Tiny Town's Move May Redefine Voting Rights Act

Provision in 1965 act prevents moving polling station
By Matt Cantor,  Newser Staff
Posted Mar 28, 2009 9:27 AM CDT
Tiny Town's Move May Redefine Voting Rights Act
A group of voters lining up outside the polling station in Peachtree, Alabama, a year after the Voting Rights Act was passed.    (Getty Images)

A Supreme Court case may soon bring about a momentous change in the nation's voting laws, all because a Texas town of 3,500 moved a polling station three blocks, the Wall Street Journal reports. A local official made the switch to a more convenient location, galled that he needed the permission of the Justice Department because of the 1965 Voting Rights Act. The measure requires such permission for any change in election procedures in areas where minority voters have historically been silenced.

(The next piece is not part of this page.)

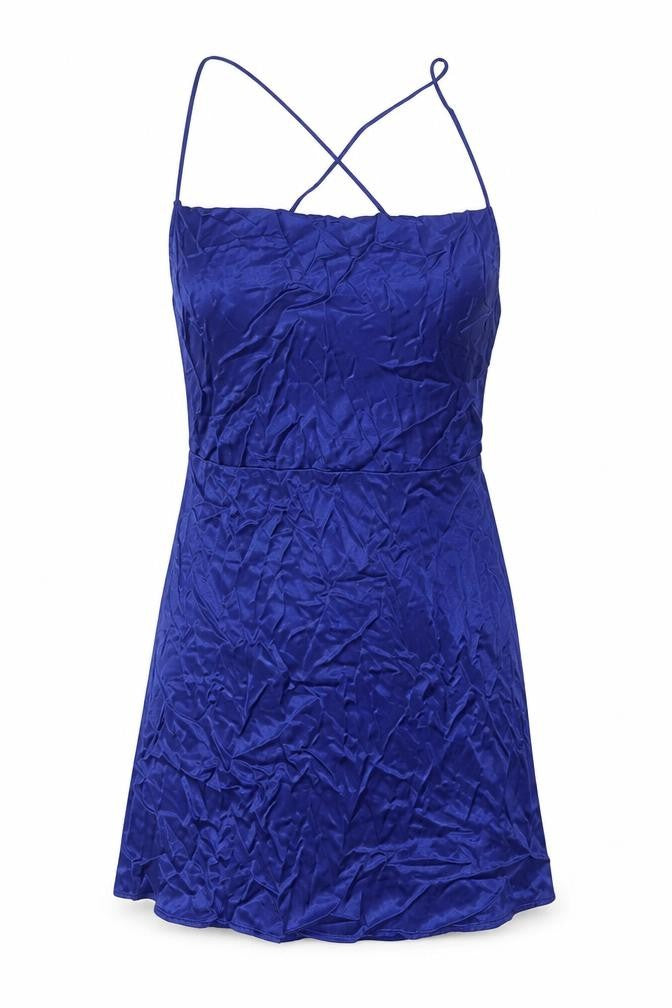 Front view of Zara women’s blue viscose mini, size S, square neck tie
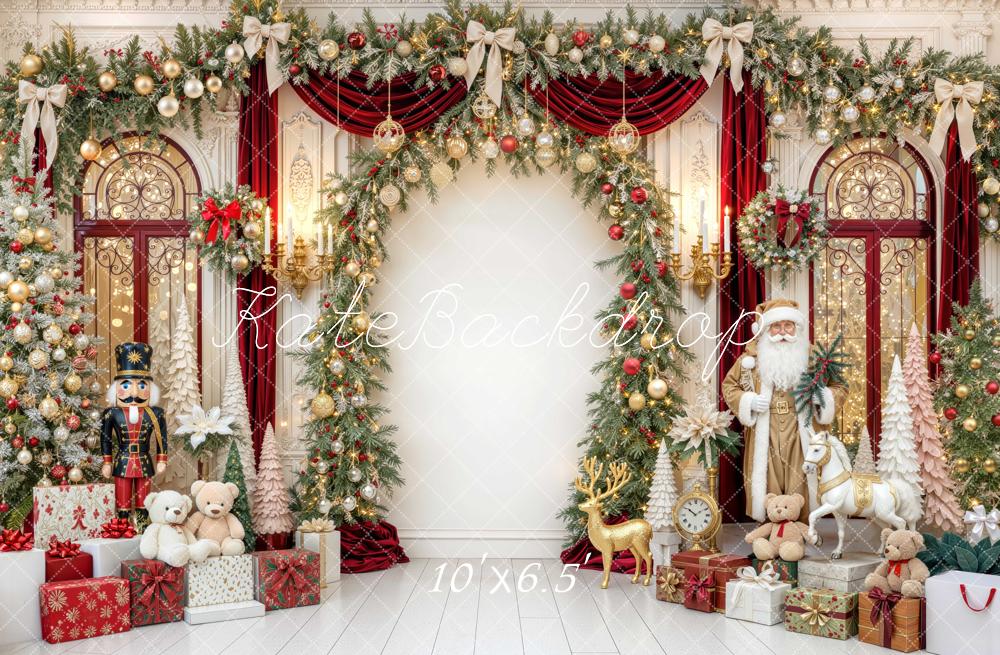 Kate Christmas Santa Nutcracker Arch Garland Gift Printed Backdrop Designed by Mini MakeBelieve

The case of the Austin suburb of Canyon Creek was picked up by conservative activists battling to quash Section 5 of the Act, a critical civil rights weapon originally set to last only 5 years. It keeps being renewed, however, the last time by George W. Bush in 2006. “The law is basically stuck in the 1960s,” says a conservative lawyer. But liberals say it remains crucial. “It isn't as though racism magically disappears,” notes another attorney.